Dla pochodzącego z Indii pracownika Uniwersytetu Śląskiego nasz język od początku nie należał do najłatwiejszych – zarówno w mowie, jak i piśmie. Uczy się go od wielu lat, z coraz lepszymi efektami. Teraz jednak niektóre przyzwojone przez niego zasady się zmienią.
-Podczas kursu języka polskiego wiedziałem, co napisać z małej a co wielką literą. Jak będę miał okazję napisać artykuł naukowy w języku polskim, to trzeba będzie pomyśleć o ortografii też i nauczyć się nowych zasad – mówi Lalta Prasad Baishy, Szkoła Języka i Kultury Polskiej, Uniwersytet Śląski.
Bo pomysł na zmiany, choć budzi wiele kontrowersji, przez ekspertów oceniany jest pozytywnie.
-Mnie się ta reforma podoba.
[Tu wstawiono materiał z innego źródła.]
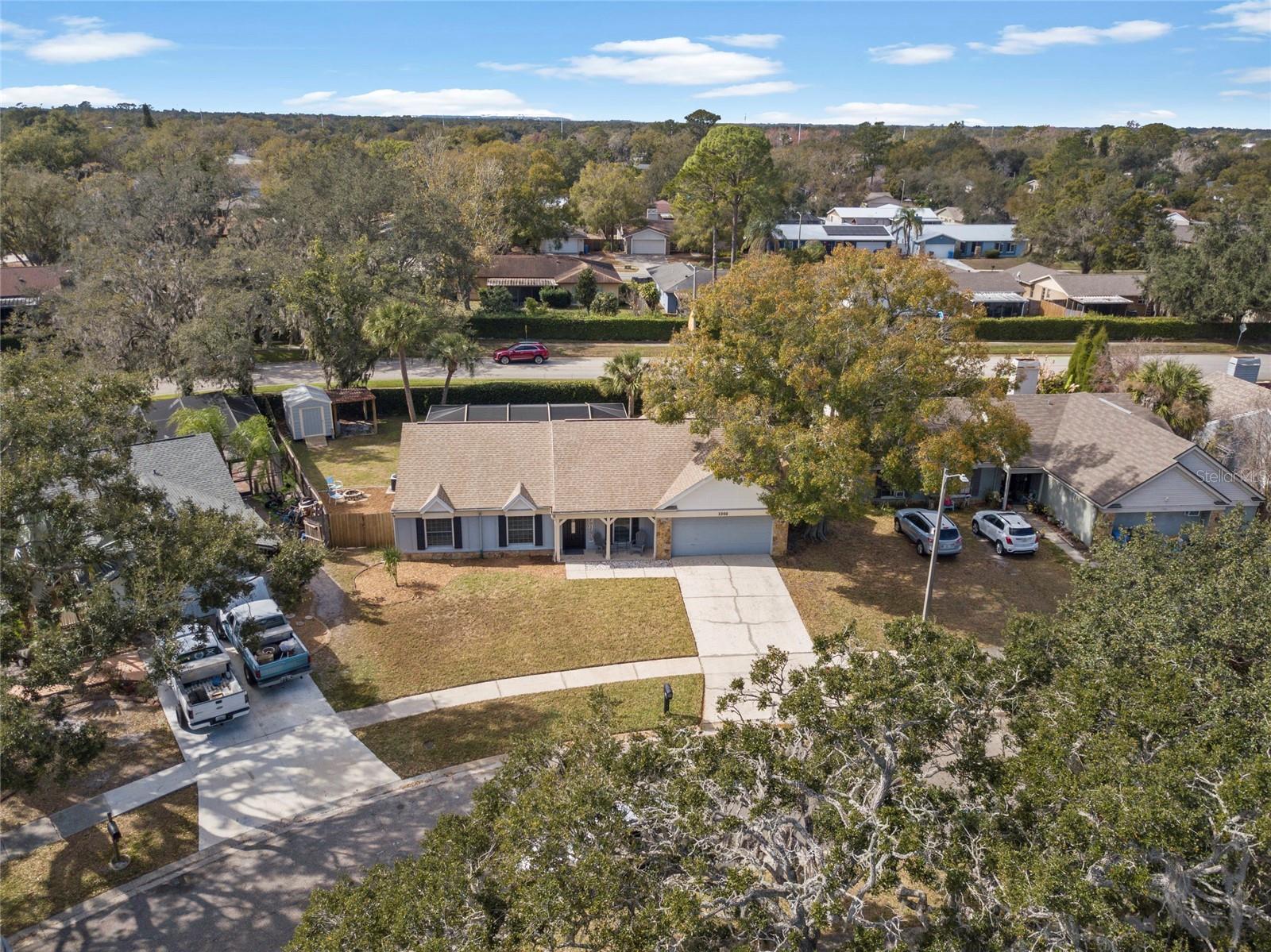 Listing photo id 14 for 1305 Peachfield Drive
Trzeba zauważyć, że ona dotyczy tylko reguł arbitralnych konwencjonalnych. W ogóle nie narusza materii języka. To tylko dotyczy dużych i małych liter, pisowni łącznej i rozdzielnej, pisowni z łączniczkiem, kilku przecinków. To są naprawdę reguły, które zostały w różnych tam momentach rozwoju polszczyzny wstawione do ortografii – mówi prof. dr hab. Jolanta Tambor, dyrektor Szkoły Języka i Kultury Polskiej UŚ.
I teraz przeżywają kolejne przeobrażenia. Ci, którzy dopiero uczą się zasad poprawnej polszczyzny, będą mieli pewnie lepiej. Bo planowana „rewolucja” w naszym języku ma im pomóc w unikaniu popełniania błędów.
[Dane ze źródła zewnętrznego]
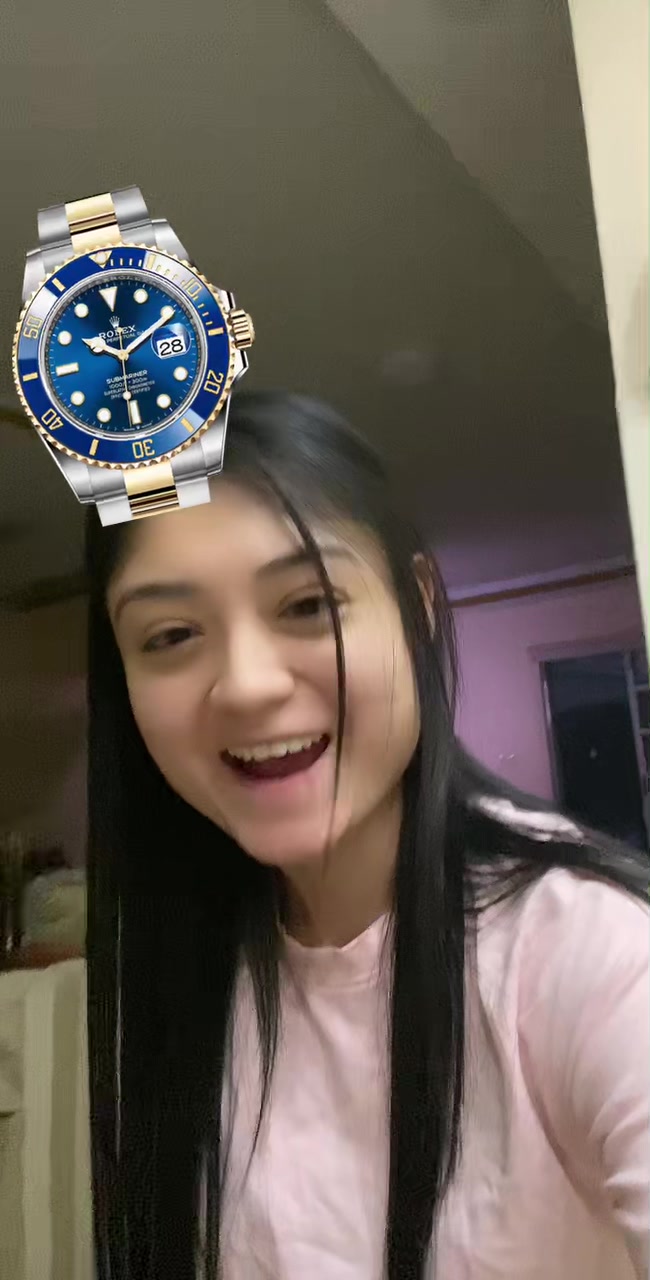 @Dayana Flores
-Cel, aby ujednolicić i uprościć polską ortografię, która naprawdę nie jest łatwa. Bo lata pracy w szkole pokazują, że jest to pięta achillesowa – nie tylko uczniów, ale także dorosłych. Każdy proces, który będzie zmierzał, by ułatwić nam polską ortografię jest naprawdę słuszny – mówi Agnieszka Maszczyk, Szkoła Podstawowa nr 12 w Katowicach.
A ułatwić ma, m.in. pisanie wielką literą nazw mieszkańców miast, podobnie jak mieszkańców krajów czy łączna pisownia nie z przymiotnikami w stopniu wyższym i najwyższym.
-To chyba jest dostosowanie się do tego, co już funkcjonuje, a nie do tego co byśmy chcieli – mówi Sebastian, mieszkaniec Katowic.
-Mi się wydaje, że utrudni. Za bardzo mieszają ludziom w głowach, po prostu – mówi Barbara, mieszkanka Katowic.
Ciężko powiedzieć. Dla tych co piszą codziennie dużo, to pewnie będzie ciężko na początku się przyzwyczaić. Jak np. ze zmianą daty w nowym roku. Ale pewnie później wejdzie to już w nawyk i przyzwyczaimy się – mówi Piotr, mieszkaniec Katowic.
Na zapoznanie się ze zmianami jest trochę czasu. W życie wejdą oficjalnie od początku 2026 roku.